Le lien entre tous vos films, c’est la question de la justice…
Oui, c’est vrai et l’envie de filmer des gens qui n’ont pas de pouvoir mais qui, pourtant, agissent pour le bien de tous et pour un monde meilleur. Ils peuvent sembler un peu rêveurs, un peu utopiques mais cela fait ses preuves au final.
Toutes proportions gardées – car ils ne risquent pas leur vie -, la volonté de bâtir un avenir meilleur et un monde plus juste est ce qui guide les jeunes qui luttent pour le climat.
Je trouve que la comparaison est juste. Je suis heureuse d’avoir fait ce film avant que ces mouvements en Europe ne surgissent car on pourrait même dire que cela vient d’Afrique, avec les manifestations dans le monde arabe, etc. Cette jeunesse a raison de se mobiliser car elle va subir les conséquences de tout cela. Il y a un sentiment de révolte par rapport à la génération précédente qui n’a pas fait le boulot en laissant la terre devenir une poubelle ou la peur s’immiscer dans les foyers et paralyser tout le monde.

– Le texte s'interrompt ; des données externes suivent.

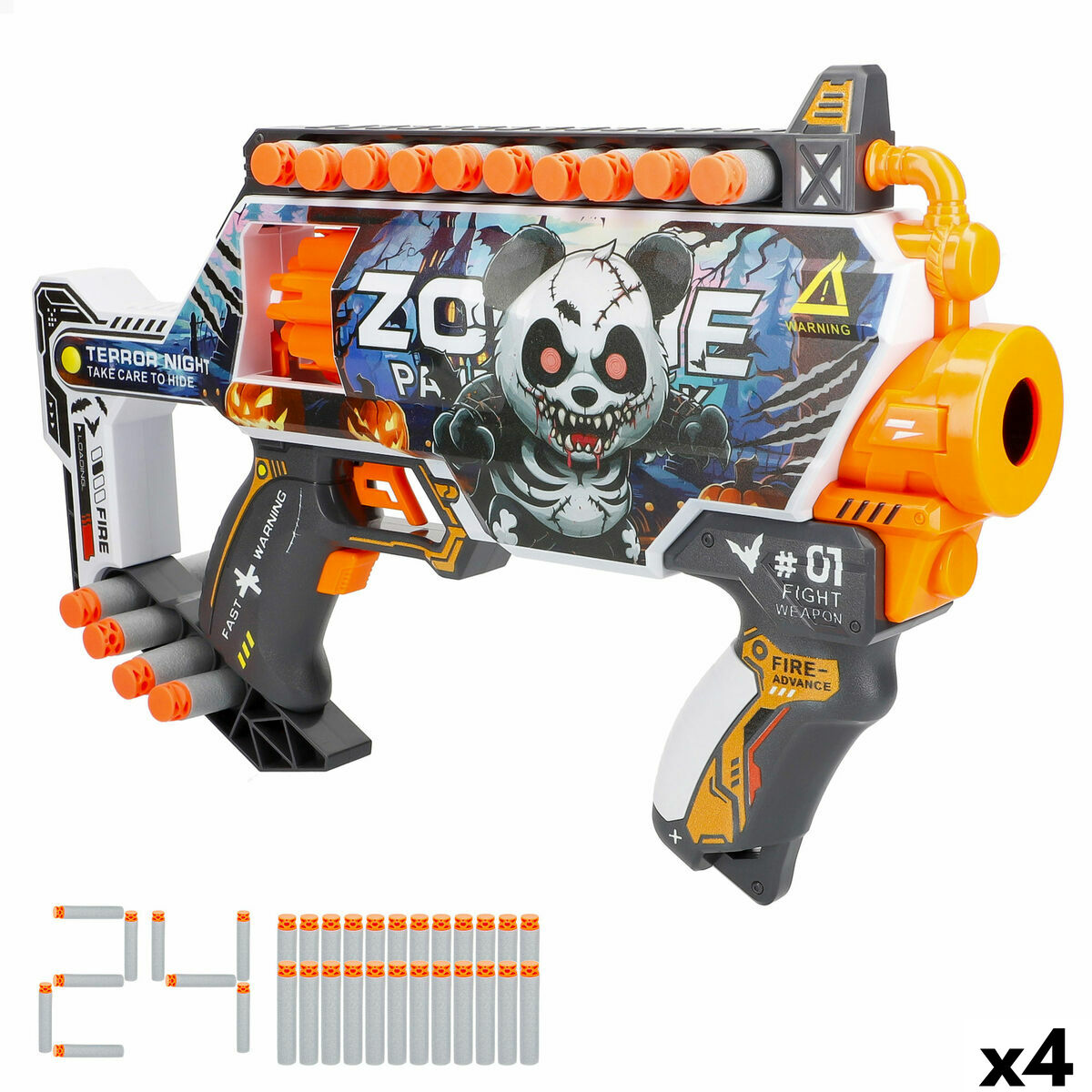 Pistola de Dardos Colorbaby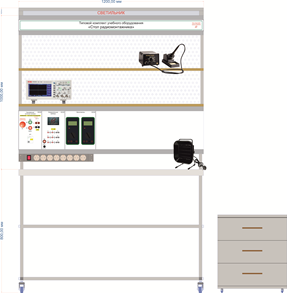 Стол радиомонтажника с приборами - fgospostavki.ru - Владивосток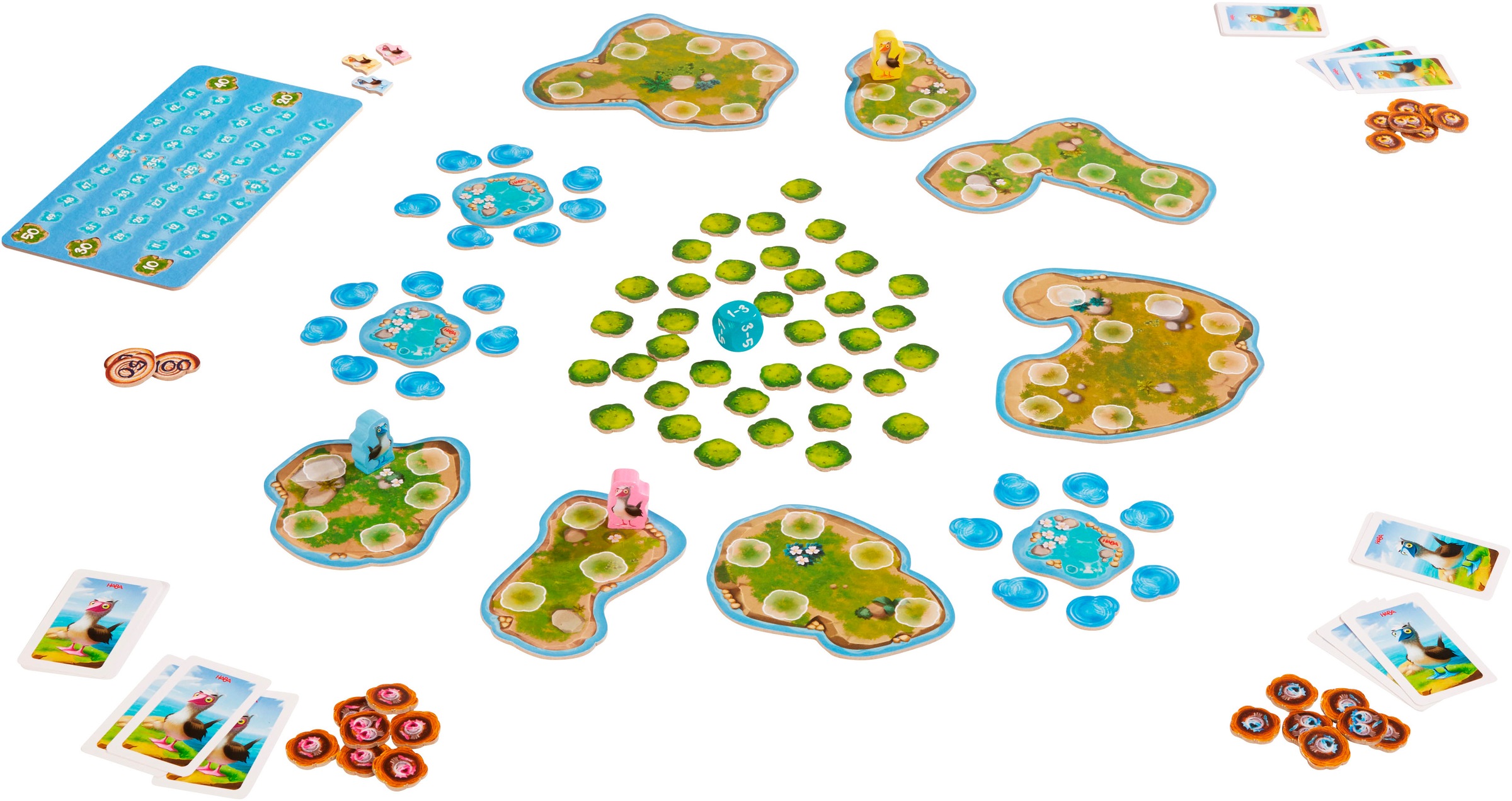 Haba Spiel »Insularo«, Made in Germany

« La Lucha, c’est vraiment ça : des jeunes, le poing levé, qui assument d’être nés pour changer les choses. »
La Lucha, c’est vraiment ça : des jeunes, le poing levé, qui assument d’être nés pour changer les choses. C’est beau quand ça marche car la Lucha a porté ses fruits. On peut douter du fait que le président Kabila serait parti si les jeunes Congolais n’étaient pas descendus dans la rue et n’avaient pas poussé l’église à remonter au créneau. Cela a fragilisé le pouvoir. Cela prouve qu’on peut être jeunes, pleins de rêves et quand même changer les choses…
Le prix Albert Londres couronne chaque année, à la date anniversaire de la mort du grand reporter, les meilleurs “Grands Reporters” francophones dans trois catégories : livres, presse écrite et presse audiovisuelle.
“L’Afrique est là, devant nous, qui palpite, s’insurge, rêve et se bat avec une utopie magnifique contre un système politique qui l’exploite et la gangrène. On ressort de ce film à la fois admiratif, révolté et… bouleversé” a précisé le jury Albert Londres au sujet du film Congo Lucha de Marlène Rabaud.